The primary endpoints were early mortality and early AEs within 30 days after TEVAR, and the secondary endpoints were late mortality and late AEs associated with dissection from > 30 days postoperatively to the study end date. AEs primarily included new neurologic symptoms (stroke, spinal cord ischemia), rupture, organ failure, myocardial infarction, aortic enlargement (> 50 mm), endoleak, and retrograde type A aortic dissection. Outcomes were identified by reviewing the hospital medical records system and by telephone follow-up.

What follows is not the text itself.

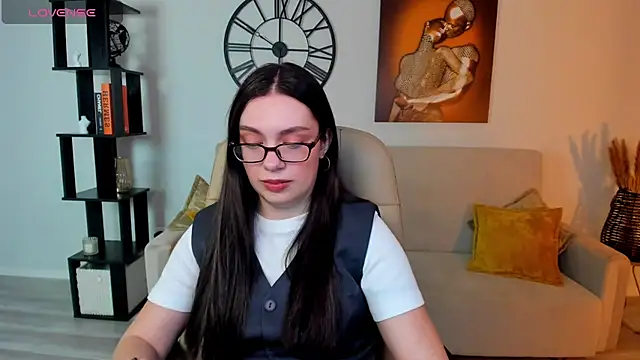 Snapshot of DaniellaLovely chatting on March 11, 11:23 am DaniellaLovely online show from March 11, 11:23 am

Statistical Analysis Continuous variables are presented as mean ± SD or median (interquartile range), and categorical variables are presented as frequencies and percentages. KolmogorovSmirnov test was performed to test the normal distribution. Continuous variables were evaluated using Student t test or nonparametric Mann-Whitney U test, whereas categorical variables were analyzed using c2 test or Fisher exact test. The correlations between D-TLA, malperfusion and/or rupture, and hyperacute intervention were analyzed by Spearman rank correlation. Cox proportional hazards model was performed to identify independent predictors of early outcomes. A receiver operating characteristic curve analysis was performed to assess the diagnostic roles of D-TLA and determine its best cutoff value. Cumulative survival and event-free rates were estimated by Kaplan-Meier curves and compared by the log-rank test. A P value < .05 indicated statistical significance. All statistical analyses were performed using IBM SPSS Version 20.0 (IBM Corp, Armonk, New York) and GraphPad Prism 6.01 (GraphPad Software, San Diego, California).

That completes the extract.